Everything Everywhere All at Once review

Everything Everywhere All at Once Review: An Incredible Cinematic Experience

Googly eyes, hot dog fingers, and a culinarian raccoon are the ingredients that make up the piping hot Everything Everywhere All at Once. This multiversal sci-fi actioner was cooked to near-perfection by Daniel Kwan and Daniel Scheinert, the directing duo that previously gave us Swiss Army Man. If you thought the team that made a movie about a man going on an adventure with a flatulent corpse couldn’t outdo themselves, prepare to think again as their newest project offers one of the most incredible cinematic experiences of the decade.

What is this movie? No matter how much I would like to, I cannot put my finger on how this movie works. Right from the opening shot, where the camera enters the reflection of a mirror, you can instantly tell you are entering a film made with impeccable craftsmanship. Enter Evelyn Wang (Michelle Yeoh), a middle-aged woman, drowning in business receipts as the laundromat she owns is audited by the IRS. The first half-hour dedicates itself to establishing the characters, with Evelyn’s relationship with her husband Waymond (Ke Huy Quan) and her daughter Joy (Stephanie Hsu).

Kwan and Scheinert take their time setting up many story threads, such as Evelyn considering a divorce and Joy’s lesbian relationship, which Evelyn hastily hides from her father. Once that is done and taken care of, a version of Waymond from an alternate universe speaks to Evelyn, sending her to migrate through a multiverse of madness. Both directors bring their stylish direction and inventive camerawork to a script tailor-made for their talents as they find new and innovative ways to depict fascinating concepts surrounding alternate realities.

When you spend enough time in this field, you watch weird movies. Of course, you can always count on movies like The Lighthouse and Titane to get your oddball fix, but this film is bizarre to an unbelievable scale. The best thing about this movie is how fully committed it is, going the full mile and embracing every bit of the weirdness. One key plot point surrounds Evelyn having to do strange things to unlock new abilities, and this leads to moments so absolutely eye-opening that they’ll have you pinching yourself to assure you’re not in a fever dream.

I mean that in the best way possible too. There is no way a movie like this should have worked on paper. Kwan and Scheinert have made a film where people have giant hot dogs as their fingers and spray each other with mustard. Yet, by some miracle, the audience does not laugh at the film. Instead, they laugh with it given how the directors are very much in on the joke and double down on every bit of their absurd humor. This movie is refreshingly bold in its choices, leading to a kick-ass genre-blend that pays off in volumes.

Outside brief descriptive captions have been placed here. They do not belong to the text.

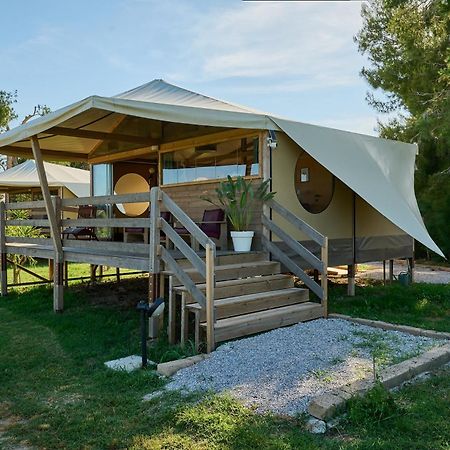 Suite Glamping Vicino Al Mare Piombino Extérieur photo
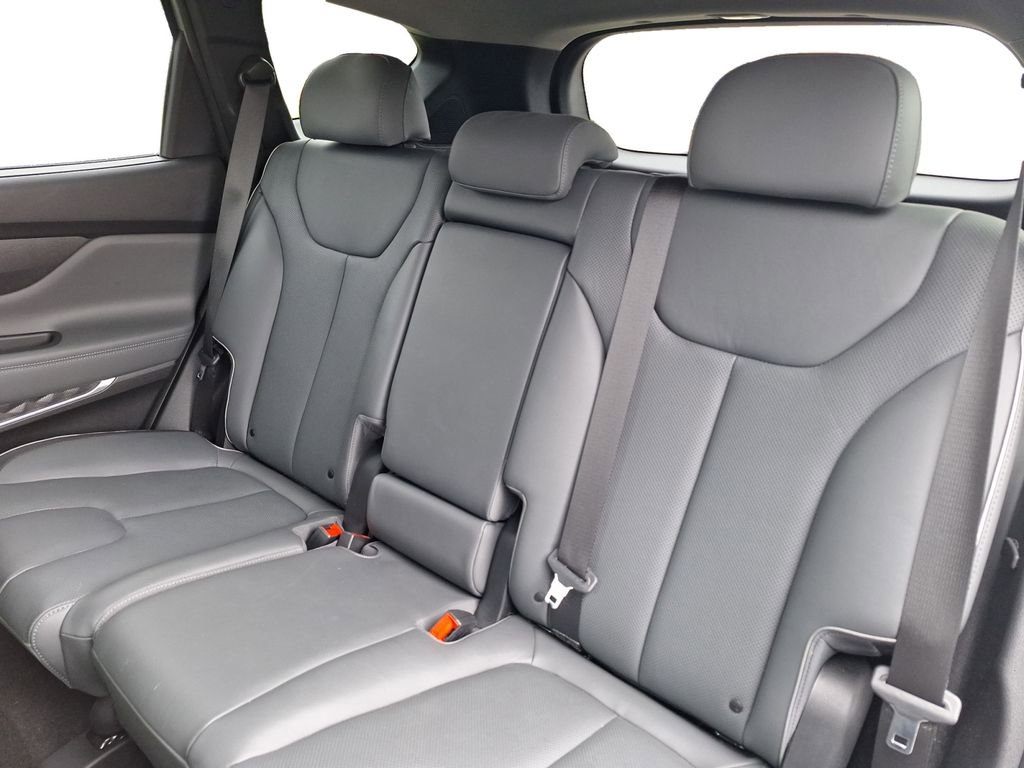 Used 2022 Hyundai Santa Fe Limited image 11
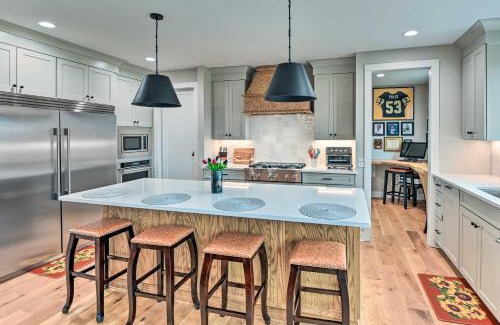 Nashville Casa | Beautiful Nashville Home Near Downtown with Hot Tub!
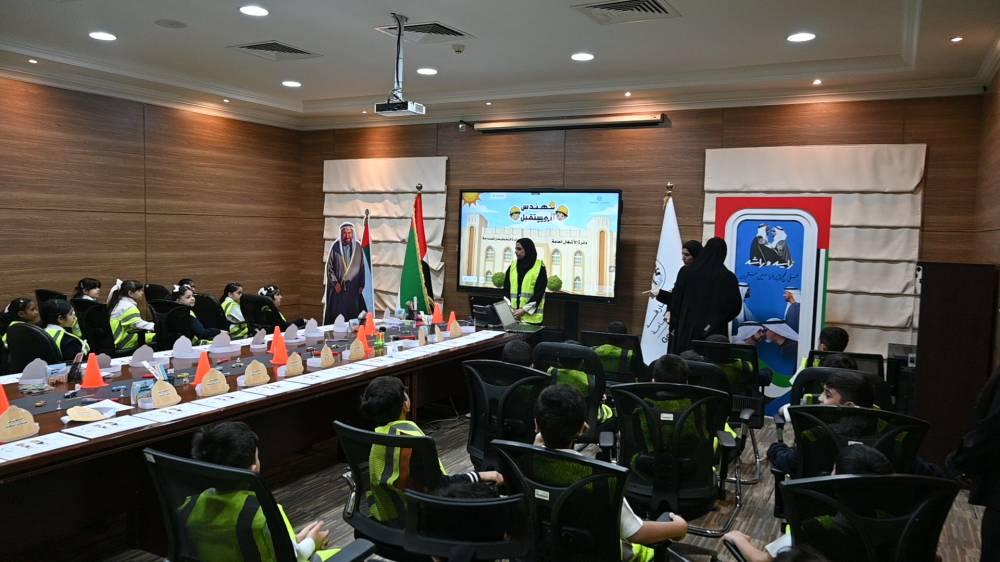 «أشغال الشارقة» تنفذ مـــــبادرة المهــــندس الصغـــير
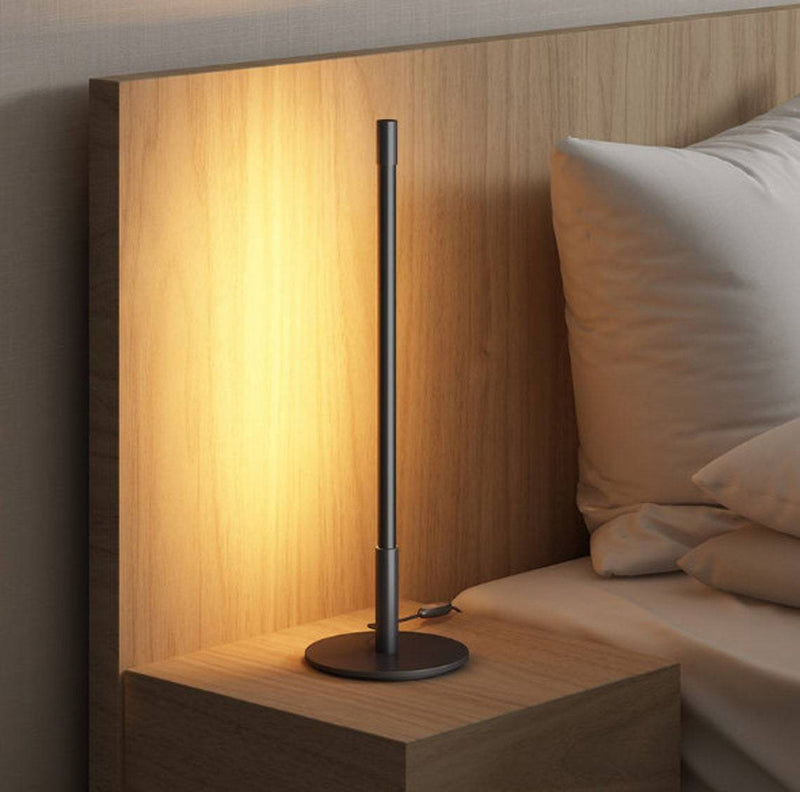 Lampe de table LED Léger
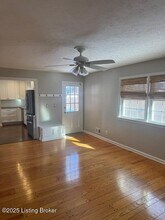 9100 Trentham Ct in Louisville, KY - Building Photo - Building Photo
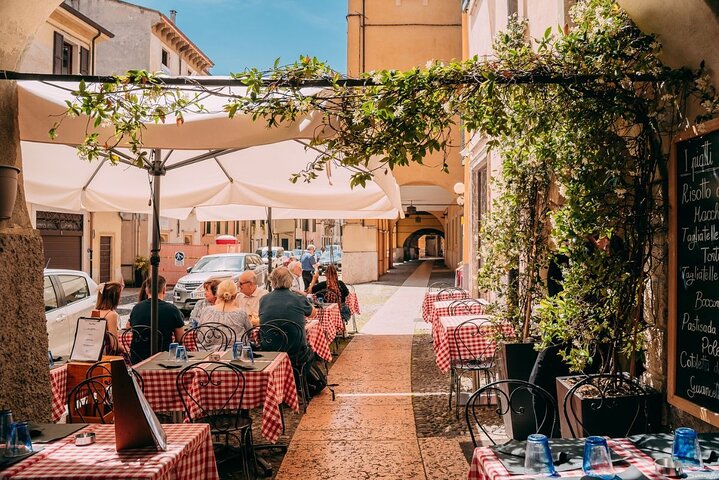 Un viaggio culinario nel centro storico di Verona, con cibo e vino locali, foto 7 | wizardtrip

Everything Everywhere All at Once is very much an absurdist comedy, with hilarious moments of humor. I have never seen two rocks elicit more laughter from an audience than I did while watching this movie. Yeoh displays a surprising amount of comic timing in a film that worked in her favor. This movie is also a martial arts action flick with Yeoh performing more remarkable stunts that will bring a grin to fans of her other action-packed work in Supercop and Crouching Tiger, Hidden Dragon. She commits to her role and sells her situation perfectly.

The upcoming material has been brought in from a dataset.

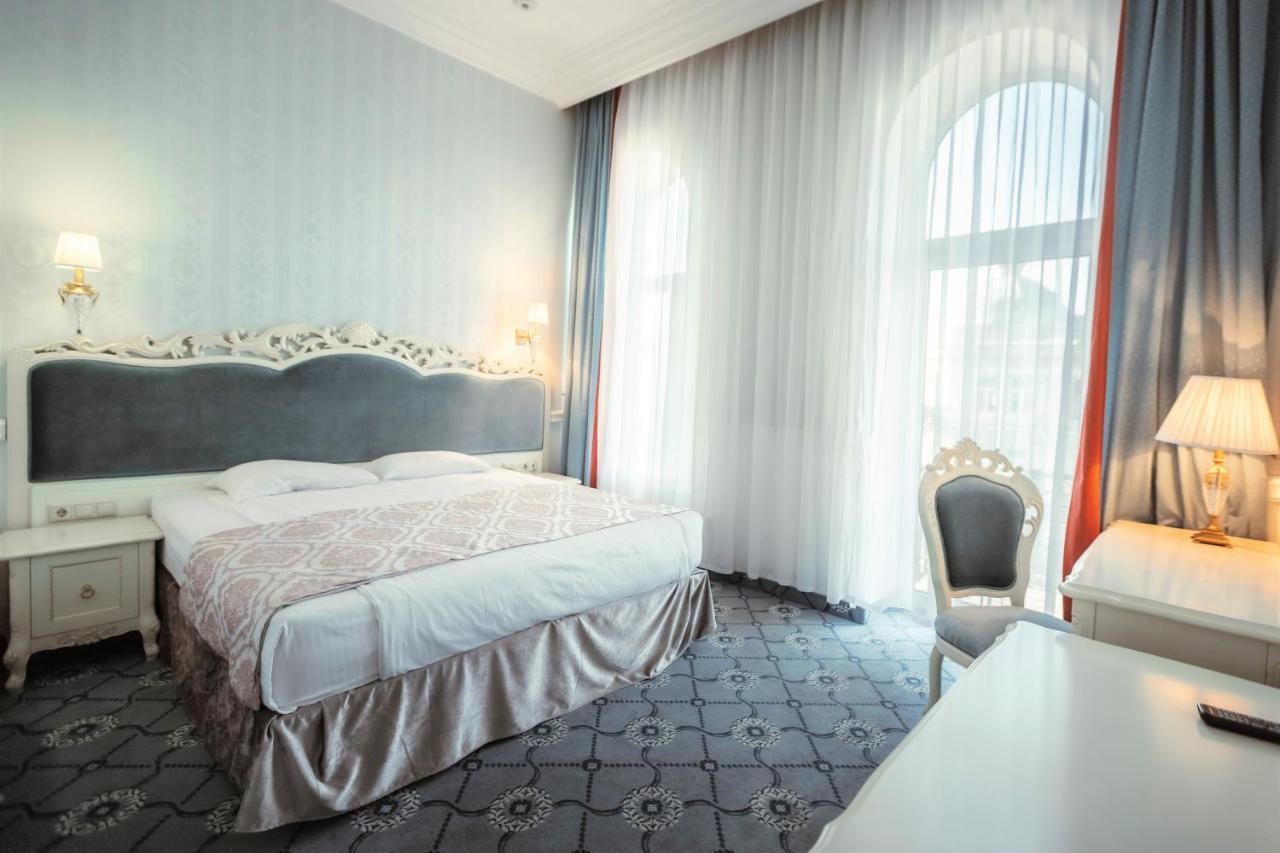 Royal Grand Hotel Kijev Kültér fotó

Quan is also phenomenal in his long-awaited return to the big screen decades after his 1980s appearances in Indiana Jones and the Temple of Doom and The Goonies. His charisma has not skipped a beat as he makes you believe it every time his character gets taken over by an alternate version of himself. He is show-stopping, as is Hsu as Evelyn’s daughter, who has a tricky job to pull off, but she ultimately provides some amazing emotional scenes. Jamie Lee Curtis is another legendary actress visibly having so much fun in her role as an IRS inspector across multiple universes.

This movie offers high-concept originality that consistently reinvents itself at every turn. This remarkably creative film boasts slick stuntwork, irreverent comedy, and great uses of color and aspect ratios. But this is not strictly a weird film; there are moments in the final act that genuinely pack an emotional punch, where you realize how much you grew to care about the characters in scenes that feel right out of a Wong Kar-wai film. This is an unapologetically strange film grounded in its ability to make you think about how one choice can change the course of your life.

The multiverse is a fascinating concept. Before we get more of Hollywood’s mainstream look at the idea in Doctor Strange in the Multiverse of Madness and The Flash, we must all embrace this endlessly unpredictable film that pulls no punches. The only drawback is Everything Everywhere All at Once‘s large amount of necessary exposition, where it can be challenging to keep track of it all. But when you pay attention as closely as you can, you will be in for this fast-paced ride that offers an utterly fantastic, memorable experience sure to be one hell of a ride no matter which universe you find yourself in.

SCORE: 9/10

As ComingSoon’s review policy explains, a score of 9 equates to “Excellent.” Entertainment that reaches this level is at the top of its type. The gold standard that every creator aims to reach.